60 years after independence, the insurance industry like many other sectors in the economy is still crawling despite a lot of efforts by operators and regulators to create market awareness. Most a times, the lack of penetration is usually blamed on low level of awareness, but this is not really the truth as research findings show that it is largely due to low economic powers of many Nigerians, even though culture is also an issue.
In this case, when people are not able to acquire assets then insurance does not grow, given that the economy is dried of credits for housing, mortgage opportunities.
Dominic Onyeulor, an insurance broker in his analysis of the state of the insurance industry today said the greatest challenge of the industry is poor state of the economy, which no doubt is as a result of the dwindling national revenue following the sharp drop in the price of crude oil being a mono-economy that largely depends on oil.
Onyeulor however noted that with Nigeria’s population estimated to surpass 200 million in 2020, and about 40 percent of that within the youthful age, there is a huge opportunity for underwriters in Nigeria to explore and tap potential of a larger retail market for inclusive insurance.
The future of the Nigerian insurance industry is going to be eventful and vibrant as the industry continues to seek various means to deepen insurance penetration in Nigeria, while also increasing its capacity to underwrite big ticket risks, come up with better technology infrastructure for distribution and better service delivery, as well as well innovative products.

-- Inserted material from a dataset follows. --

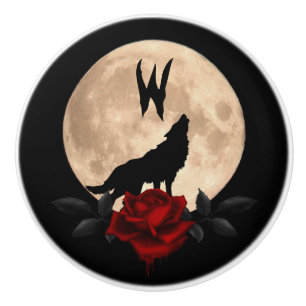 Bleeding Red Rose Fullmoon Wolf Monogram Ceramic Knob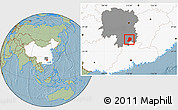 Savanna Style Location Map of Chen Xian, highlighted country, highlighted parent region, hill shading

He said it’s expected that the contribution of insurance to the GDP will increase tremendously when the on-going recapitalisation of the sector is concluded by June 2021, with emergence of mega insurance and reinsurance companies.
That Nigeria is now 60 years means that the country is ripe for development in all ramifications, and this no doubt will impact the insurance industry as well as other sectors of the economy if government begins to make right policies that will increase the purchasing power of the average Nigerian.